Distribution Processing and the arithmetic of uncertainty

November/December 2012

By Sam L. Savage

Distribution Processing performs calculations with uncertainties just as if they were ordinary numbers. It can be done in Microsoft Excel without using macros, and it leverages the current generation of simulation tools. ProbabilityMananagement.org is a non-profit organization actively promoting this new arithmetic of uncertainty through educational tools, standards and best practices. This article introduces distribution processing in Excel and describes the ecosystem into which it fits. But first let’s take a detour through medieval Italy to review the adoption of the arithmetic we take for granted today.

What did Fibonacci Bring to Italy?

The famous mathematician, Fibonacci, returned to Italy in 1199 A.D. with absolutely nothing, nada, zilch, zero. After studying with leading Arab mathematicians of the time he also brought the rest of the Hindu-Arabic numbers, 1 through 9. But zero was the important one, as it had no representation in Roman numerals. This made it hard to do arithmetic at all, let alone get your financial statements out on time.

When Fibonacci attempted to promote his new system, the typical response was: “Can’t you see we’re busy? We need to multiply these two Roman numerals together by next March!” So after beating his head against the wall for a couple of years, he published his book, “Liber Abaci,” in 1202, which showed the business community how Arabic arithmetic vastly simplified calculations involving interest, currency conversion, etc. Apparently he didn’t even invent the famous Fibonacci series [1], but merely presented it in his book as a challenge, as in “try doing that with your lousy Roman numerals!”

Ultimately 0 through 9 caught on and the rest is history, as chronicled in a lovely book on zero by Charles Seife [2].

 Figure 1: Woodblock of a “medieval quiz show.”

The book contains a woodblock of a medieval quiz show in which a contestant with Arabic numbers is up against another with an abacus (Figure 1) [3]. Roman numerals were undoubtedly eliminated in the previous round. A Medieval show host, Vanna Bianca, is presenting the questions. Her fond gaze implies something might be going on after the show with Mr. Arithmetic, who has a look of smug concentration on his face. From the frown on the fellow with the abacus, he has apparently just soiled his medieval undergarments. Beyond these artistic touches, the graphic indicates that calculation was not just an academic exercise in 16th century Europe, and that there were still competing methodologies.

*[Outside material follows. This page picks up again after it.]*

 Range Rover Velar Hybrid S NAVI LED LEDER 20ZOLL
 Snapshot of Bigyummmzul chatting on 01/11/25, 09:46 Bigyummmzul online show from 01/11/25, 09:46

The Goals of Probability Management

With this in mind, the broad goal of Probability Management is to do for uncertainty what Fibonacci did for numbers. That is, to promote standards for making rational, auditable calculations based on probability distributions. There are three prevalent ways of calculating with uncertainties today. The first and most widespread is to ignore distributions altogether and replace them with single “average” numbers. This leads to a host of systematic errors, which I refer to collectively as the “Flaw of Averages” [4]. The second approach is to apply classical statistical techniques. This has provided groundbreaking insights in fields as diverse as supply chains and finance, but for the everyday manager it falls into the Roman numeral category. The third is computer simulation, which is the most general. However, there are three barriers to this approach. First, it requires statistically trained experts to generate the distributions of uncertain inputs; second, it requires specialized software to perform the calculations; and third, the results are difficult for management to interpret.

Distribution Processing: Monte Carlo Simulation and Much Less

The first problem is solved by allowing statistical experts to store simulation trials as data in Stochastic Information Packets (SIPs). Because a SIP can contain thousands of potential outcomes instead of a single number it cures the Flaw of Averages. Furthermore, native Excel can do SIP math, replacing numbers with uncertainties, thereby bringing down the second and third barriers. I call this Distribution Processing, and it may be viewed as Monte Carlo simulation without the Monte Carlo. Instead of generating random numbers, the user simply performs SIP math with pre-generated, auditable inputs. If you think of traditional simulation as generating electricity instead of random numbers, then distribution processing is a light bulb for illuminating uncertainty.

 Figure 2: Portion of worksheet created in Excel 2010. Figure 3: Worksheet instantly depicts formula as histogram. Figure 4: Changing the formula instantly produces new histogram.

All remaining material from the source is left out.